I was getting close to end of my board so skipped some steps hence flipped inequality by mistake. d distance and not position or displacement so there's no need to label it as positive or negative. Sorry for not providing the hints and directly stating the answer.

 

[PrathameshR]

When I replied earlier I failed to notice that you were not the original poster of the thread.
Forum rules: do not post complete solutions for others' homework problems. The idea is to point out mistakes, clear up misunderstandings and give hints, that is all.

I'm sorry. I'm new to forum. It'll take some time to learn all rules

 

[ruskointhehizzy]

When I replied earlier I failed to notice that you were not the original poster of the thread.
Forum rules: do not post complete solutions for others' homework problems. The idea is to point out mistakes, clear up misunderstandings and give hints, that is all.

I was going to mention that but it was due yesterday so seeing the answer I feel is okay since I won't get credit for it anyways.

I was getting close to end of my board so skipped some steps hence flipped inequality by mistake. d distance and not position or displacement so there's no need to label it as positive or negative. Sorry for not providing the hints and directly stating the answer.

that's fine man I was able to work through it - I appreciate the solution, it helped me learn in this situation but I learn best when asked questions so I can provide my own solution.

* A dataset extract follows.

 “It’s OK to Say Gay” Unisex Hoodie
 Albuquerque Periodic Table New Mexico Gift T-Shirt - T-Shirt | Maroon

I know your intentions are best at heart though, and this was due yesterday so it is totally fine. Thank you again man. No worries on the rules I am new here as well man. Take care!

 

[DoctorPhysics]

Okay I understand that the approaching car will be a straight line because it has constant speed, but I don't understand why X0 is negative? That totally makes sense to graph it I don't know why I didn't think of that. Could you explain to me how you got x = 1/2at^2? I can see how that will be a curve because you are going to have to floor it and you will gain speed at an exponential rate. I also don't understand what you mean by car A is at x = -x0 at t = 0.

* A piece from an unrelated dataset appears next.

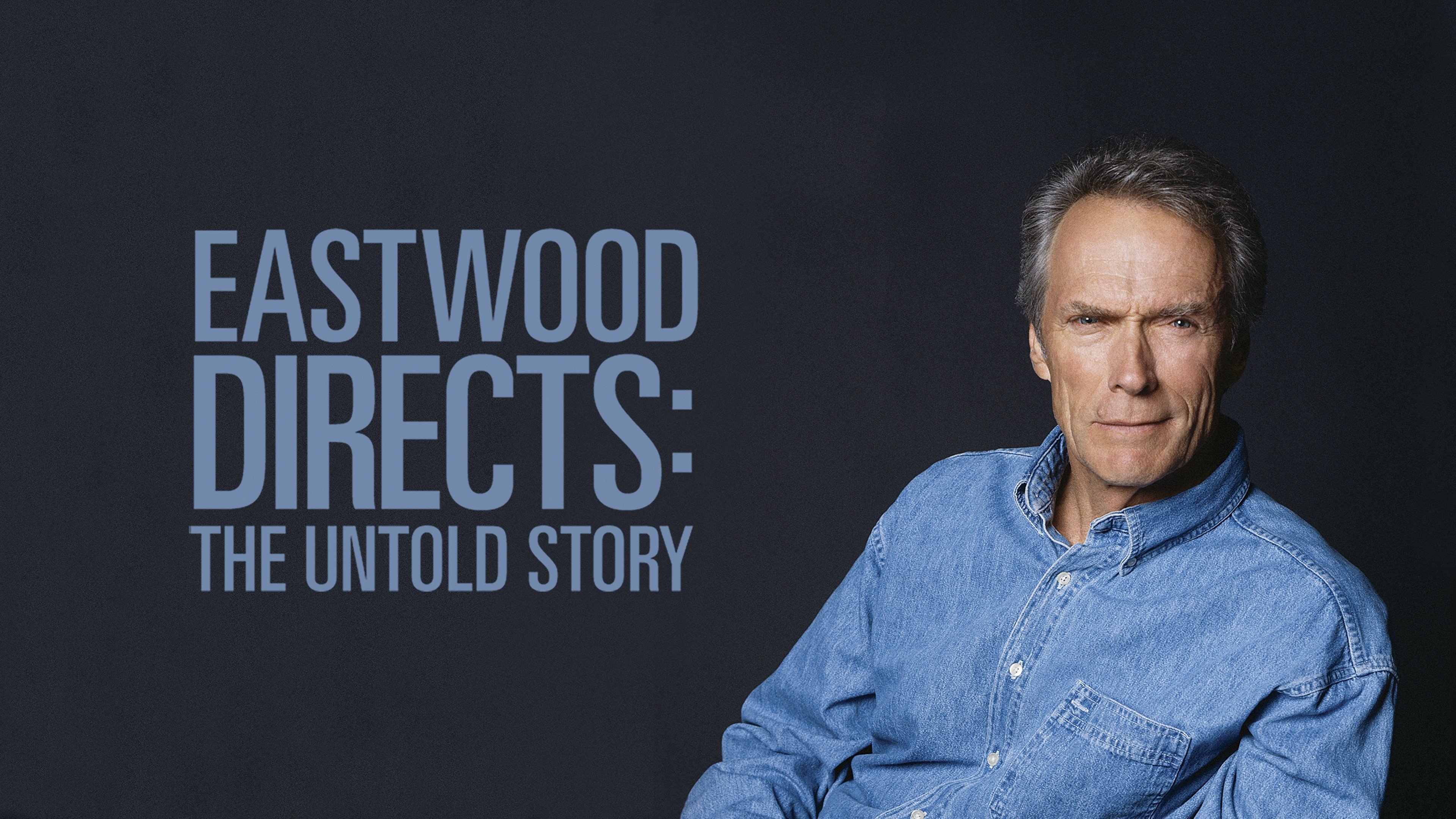 Eastwood Directs: The Untold Story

Thank you so much. Here is a quick graph I made - is this correct?

I'm just going off an assumption here. Could it be because Xo is prior to your starting point? So anything g behind your initial position is negative?

 

[Ray Vickson]

I'm just going off an assumption here. Could it be because Xo is prior to your starting point? So anything g behind your initial position is negative?

Of course. Surely you must have seen a "number line" before? East = positive $x$, west = negative $x$.

 

[kuruman]

Now that the problem has been marked "solved", I can contribute a quicker way to get to the answer. The required distance $x_{min.}$ will depend on two independent parameters, the constant speed $v_0$ of the trailing car and the maximum acceleration $a$ of the leading car. The leading car must reach speed $v_0$ over the minimum distance $x_{min.}$. If it moves slower than that, it started accelerating too late; if it moves faster than that, it started accelerating too soon. Therefore, from the "fourth" kinematic equation $$2ax_{min.}=v_0^2 - 0^2 \rightarrow x_{min.}=\frac{v_0^2}{2a}$$

 

[haruspex]

Now that the problem has been marked "solved", I can contribute a quicker way to get to the answer. The required distance $x_{min.}$ will depend on two independent parameters, the constant speed $v_0$ of the trailing car and the maximum acceleration $a$ of the leading car. The leading car must reach speed $v_0$ over the minimum distance $x_{min.}$. If it moves slower than that, it started accelerating too late; if it moves faster than that, it started accelerating too soon. Therefore, from the "fourth" kinematic equation $$2ax_{min.}=v_0^2 - 0^2 \rightarrow x_{min.}=\frac{v_0^2}{2a}$$

C.f. post #23.

 

[kuruman]

C.f. post #23.

Sure, but it's not necessary to run time backwards. In either car's reference frame the other car drops its speed from initial speed $v_0$ to zero over distance $x_{min.}$.

 

[haruspex]

Sure, but it's not necessary to run time backwards. In either car's reference frame the other car drops its speed from initial speed $v_0$ to zero over distance $x_{min.}$.

Yes, it is not necessary to run time backwards; I was just trying to make it exactly like the commonest example of the equation.